Time is running out for Georgetown University Law professor Nicholas Quinn Rosenkranz to secure the 4,000-plus signatures from Yale alumni necessary for those not otherwise selected by the university to win a seat on the ballot for the Yale Corporation, the body overseeing Yale University’s administration and operations.

No doubt university President Peter Salovey will breathe a sigh of relief if Rosenkranz cannot get the thousands of signatures needed for a place on the ballot. Alumni would then be forced to vote for a candidate selected by the “Yale Alumni Association for the Nomination of Alumni Fellows,” a body which includes the university secretary, another fellow selected by the existing corporation, and the president of the University Council (who is elected upon the recommendation of Salovey).

If this convoluted structure sounds familiar, it should: It is essentially the mechanism by which the Islamic Republic of Iran runs its elections, with overlapping committees preselecting those invested in the status quo and excluding anyone too reformist.

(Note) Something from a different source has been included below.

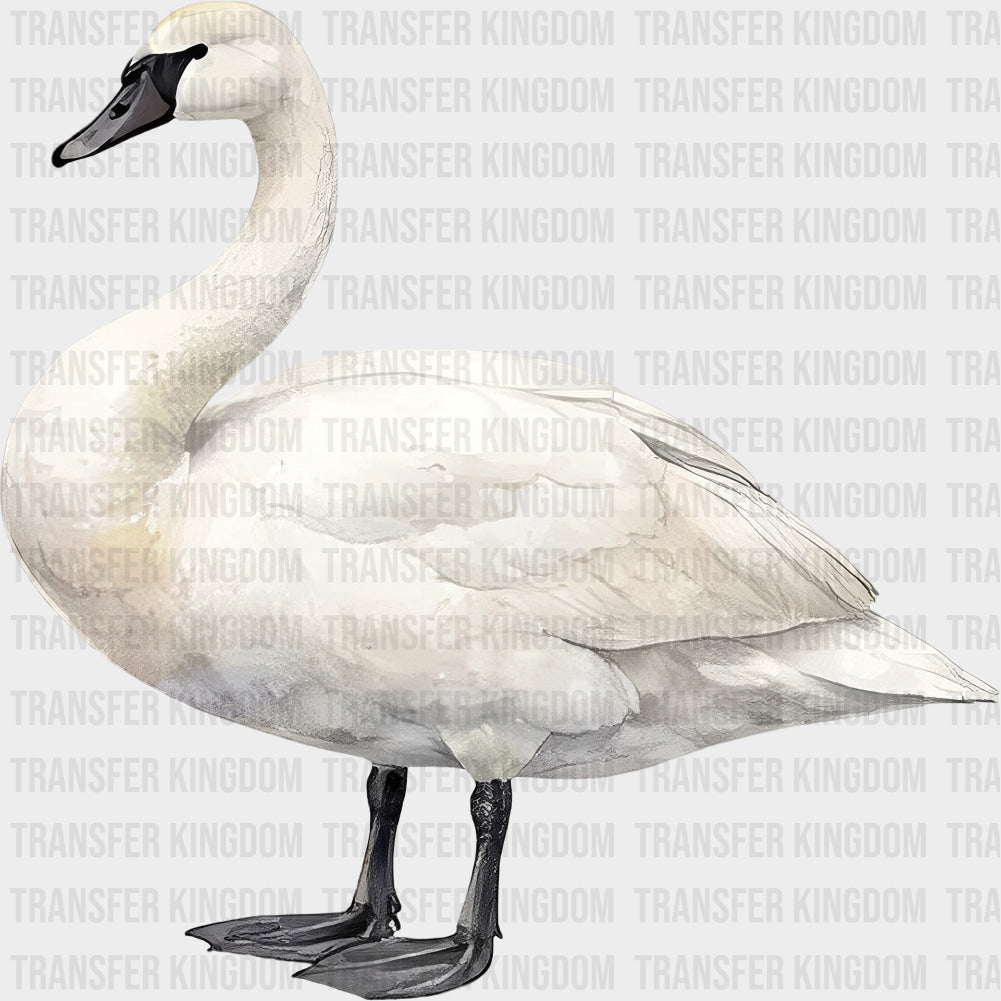Trumpeter Swan - Animals DTF Transfers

That might sound like hyperbole and it is. But the broader question remains true: Why, year after year, do so many alumni feel the university seeks to avoid transparency? Rosenkranz’s campaign is not a Democrat vs. Republican or a progressive vs. conservative issue. Rather, he seeks fundamental answers from the university:

  • Why is Yale University increasingly hostile to free speech and the unfettered discourse at the heart of a quality institution?
  • Why does Yale have nearly twice the bureaucracy of peer universities like Harvard, and why does it have proportionately more management staff than all but four of 1,622 colleges and universities surveyed by The Chronicle of Higher Education?
  • Why has tuition more than doubled over the past 20 years, far outpacing inflation while faculty salaries lag behind peer institutes?

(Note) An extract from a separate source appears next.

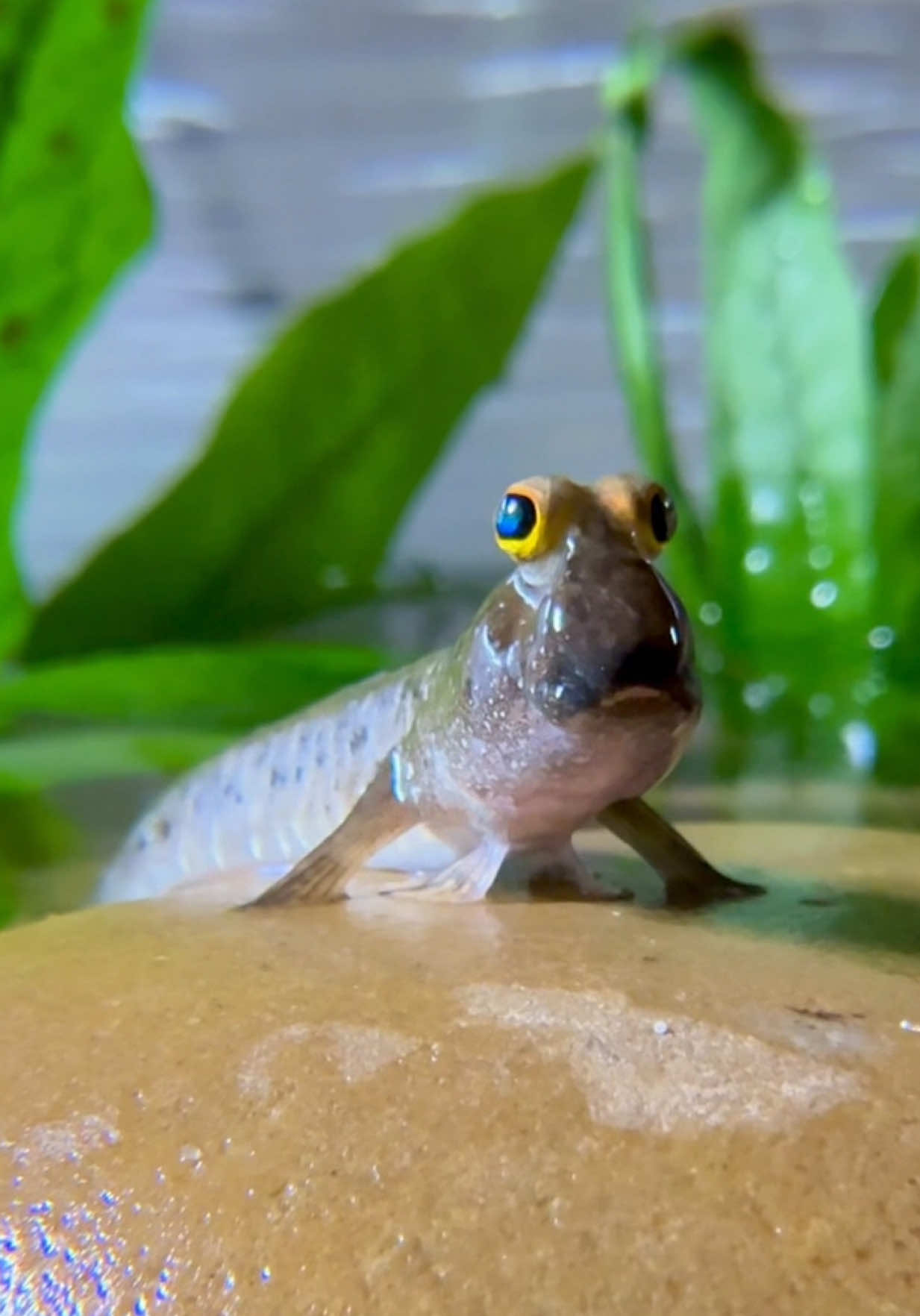 What an interesting creature 👀  #mudskipper #fish #aquarium #interesting #funny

Yale University is increasingly off-the-rails from its core educational missions. Superficial diversity by skin color supplants intellectual diversity and an appreciation for competition for ideas. Students feel cowed into silence by peers willing to silence those who diverge from accepted politics or views on social issues, and the administrators who almost universally side with the silencers rather than the silenced. It destroys historic architecture to accommodate ever-proliferating safe spaces. It has lost alumni support. (I stopped giving when then-university registrar Barry S. Kane told me, “Yale doesn’t give a f— about alumni.”) And yet, it still subordinates free speech in a quest for foreign support, for example, quashing protests to avoid embarrassing visiting Chinese leaders.

The problem at Yale, as with many peer universities, is that university leaders know they have derailed the institution. They know that a gap exists between reality and what they tell alumni when soliciting funds. They also realize that years of political pandering has effectively put the inmates in charge of the asylum, each seeking to use the university name and prestige to endorse the latest social obsession or political trend, even if it comes at the expense of core mission: education and competition of ideas.

Keeping out transparency advocates and those who might ask critical questions essentially doubles down on opacity and continues the academic equivalent of a cover-up. It’s time Salovey and the Yale Corporation’s nominating committee ask whether hostility to divergent opinions is rooted in realization that they now seek to defend the indefensible.